THE RECORDS ▸
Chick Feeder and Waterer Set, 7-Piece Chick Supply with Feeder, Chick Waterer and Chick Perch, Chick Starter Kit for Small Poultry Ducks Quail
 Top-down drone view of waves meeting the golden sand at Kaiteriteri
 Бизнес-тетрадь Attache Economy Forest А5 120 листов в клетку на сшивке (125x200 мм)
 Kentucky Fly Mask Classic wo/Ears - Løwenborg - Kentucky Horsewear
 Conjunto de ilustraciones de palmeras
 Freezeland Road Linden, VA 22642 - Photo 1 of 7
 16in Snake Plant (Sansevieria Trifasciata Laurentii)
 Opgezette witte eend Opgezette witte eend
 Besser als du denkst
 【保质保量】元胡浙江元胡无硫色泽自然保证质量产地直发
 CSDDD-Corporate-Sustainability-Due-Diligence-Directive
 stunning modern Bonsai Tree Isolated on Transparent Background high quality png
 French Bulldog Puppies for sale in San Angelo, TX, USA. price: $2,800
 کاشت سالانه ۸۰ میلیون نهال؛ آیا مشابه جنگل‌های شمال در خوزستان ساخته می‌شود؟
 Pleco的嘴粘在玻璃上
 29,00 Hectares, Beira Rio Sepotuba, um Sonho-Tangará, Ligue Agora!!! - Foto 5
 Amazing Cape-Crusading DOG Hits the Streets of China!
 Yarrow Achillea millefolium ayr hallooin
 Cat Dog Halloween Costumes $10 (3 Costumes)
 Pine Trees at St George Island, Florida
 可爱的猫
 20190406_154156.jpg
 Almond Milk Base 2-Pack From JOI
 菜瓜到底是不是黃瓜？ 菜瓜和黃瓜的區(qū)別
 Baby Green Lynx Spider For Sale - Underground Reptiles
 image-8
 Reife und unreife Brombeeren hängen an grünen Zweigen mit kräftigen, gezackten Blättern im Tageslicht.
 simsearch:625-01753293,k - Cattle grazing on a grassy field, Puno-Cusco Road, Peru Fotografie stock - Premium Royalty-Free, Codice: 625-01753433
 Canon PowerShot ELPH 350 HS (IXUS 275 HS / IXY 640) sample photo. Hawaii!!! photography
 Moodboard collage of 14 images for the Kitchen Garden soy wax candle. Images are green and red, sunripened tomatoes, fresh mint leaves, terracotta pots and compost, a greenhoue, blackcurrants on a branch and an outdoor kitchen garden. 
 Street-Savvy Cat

TASK TO COMPLETE ▸ Begin at the first line of the records above and quote every line verbatim through the one that contains "Freezeland Road Linden, VA".

RESPONSE TO THE TASK ▸
Chick Feeder and Waterer Set, 7-Piece Chick Supply with Feeder, Chick Waterer and Chick Perch, Chick Starter Kit for Small Poultry Ducks Quail
 Top-down drone view of waves meeting the golden sand at Kaiteriteri
 Бизнес-тетрадь Attache Economy Forest А5 120 листов в клетку на сшивке (125x200 мм)
 Kentucky Fly Mask Classic wo/Ears - Løwenborg - Kentucky Horsewear
 Conjunto de ilustraciones de palmeras
 Freezeland Road Linden, VA 22642 - Photo 1 of 7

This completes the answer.